The corner 108 can be seen interfacing with the continuous railing 106. The present embodiment provides a slip joint configuration between the corner 108 and the continuous railing 106. The continuous railing 106 is supported a predetermined distance above the floor 104 by the leg 110. The leg 110 may be securely anchored to the floor 104 by an affixed or captive anchor bolt 302. As described previously, the floor 104 may be concrete and therefore the anchor bolt 302 may be a concrete anchor bolt.
Referring now to FIGS. 4A and 4B, FIG. 4A illustrates a side view of a high impact protection system corner 108 according to aspects of the present disclosure while FIG. 4B is a superior view of the same component. The corner 108 may comprise a ring member 402. In the present embodiment, the high impact protection system is designed to protect a substantially rectilinear freezer chest 101. Therefore, the corner 108 also comprises two right angle members 404. The right angle members 404 attach to the ring member 402 at substantially right angles to one another.

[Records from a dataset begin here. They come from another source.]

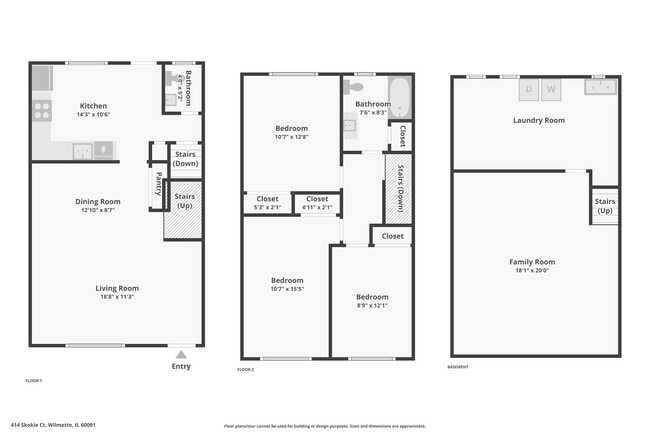 Building Photo - 414 Skokie Ct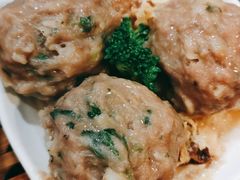 陈皮蒸牛肉球-点都德(大茶楼店)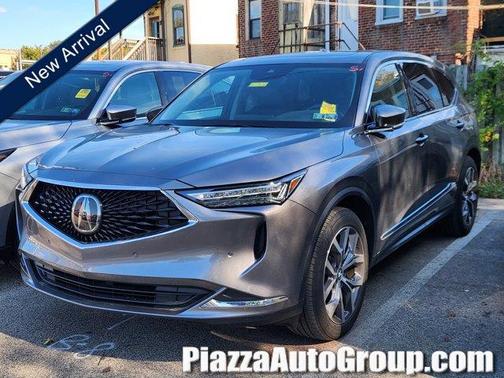 2023 Acura MDX Technology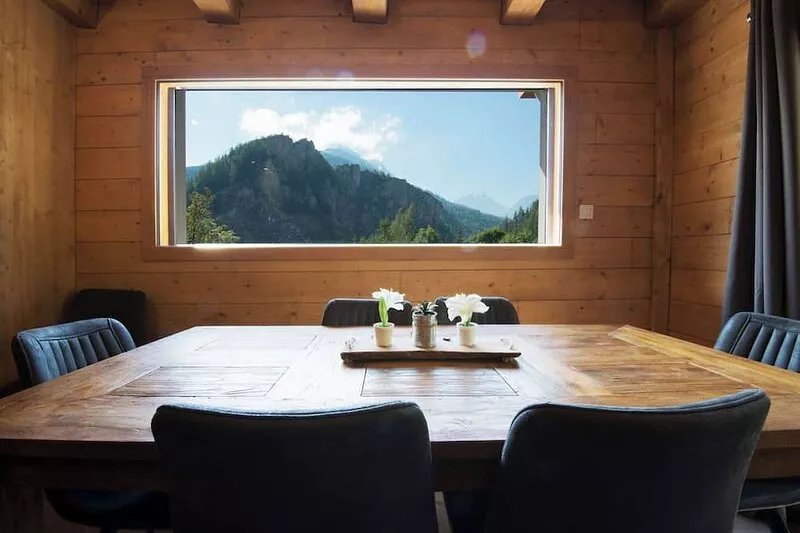 New apartment for a dream vacation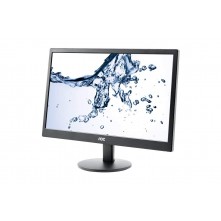 AOC 18.5Inch LED E970SWNL Monitor, black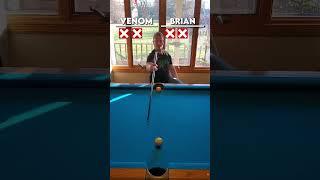 Pro VS Pro - Brian Pauley & Venom Trickshots  #shorts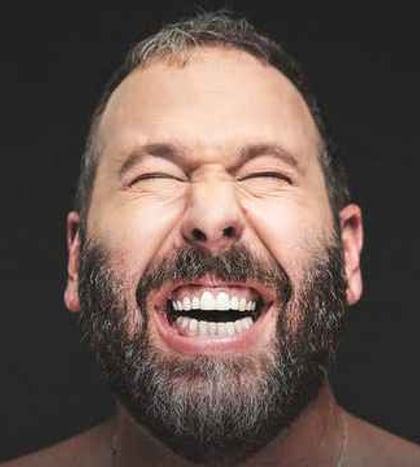 Bert Kreischer in San Antonio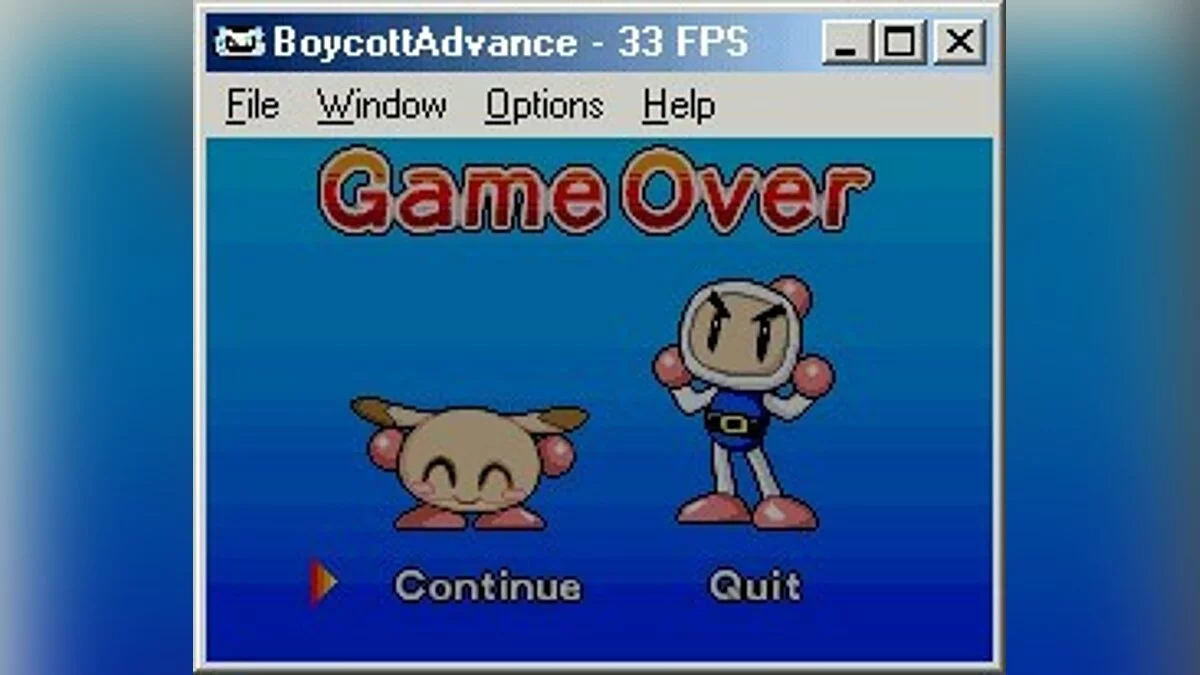 Скриншот из игры Bomberman Tournament - 2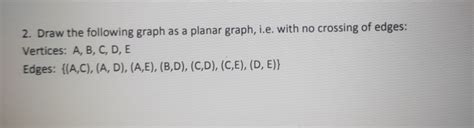 Planar Graph 的图像结果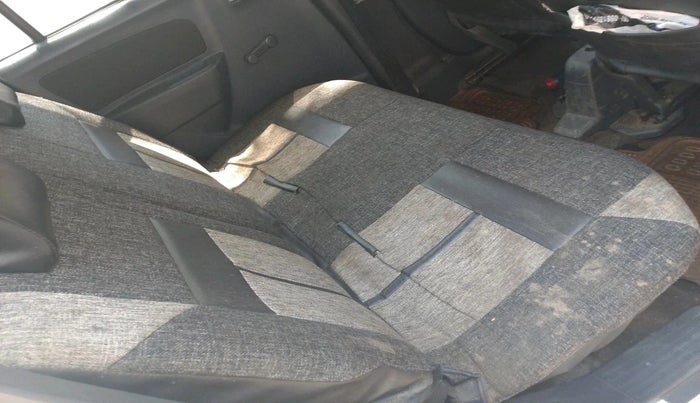 2012 Maruti Wagon R 1.0 LXI, Petrol, Manual, 38,422 km, interior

Distal from the ring member 402 on the right angle members 404 is a collar 406. The collar 406 attaches to mating ends 408. As can be seen from FIG. 3, the mating ends 408 are sized to interfit with an inner diameter of the continuous railing 106. In one embodiment, the collar 406 defines the limit to which the continuous railing 106 can slide over the mating end 408. From the superior view of FIG. 4B, it can be seen that the ring member 402 defines a bollard ring 410.
In one method of constructing the high impact protection system of the present disclosure, a number of bollards 102 may be affixed to the ground 104 as was described with respect to FIG. 2. The corners 108 may then be interfitted with the continuous railing 106. Following this, the corners 108 may be slid down on top of the bollards 102. The legs 110, if so provided, may then be securely anchored to the ground 104 as well. In another embodiment, the base 206 of the bollards 102 may be anchored in place around the freezer 101 followed by anchoring of the legs 110 in the appropriate location. The continuous railing 106 may then be interfitted with the legs 110. At this point, the corners 108 may be mated up with the continuous railing 106. Following this, the body or post 202 of each bollard 102 may be threaded to the base 206 as previously described.
Thus, the present invention is well adapted to carry out the objectives and attain the ends and advantages mentioned above as well as those inherent therein. While presently preferred embodiments have been described for purposes of this disclosure, numerous changes and modifications will be apparent to those of ordinary skill in the art. Such changes and modifications are encompassed within the spirit of this invention as defined by the claims.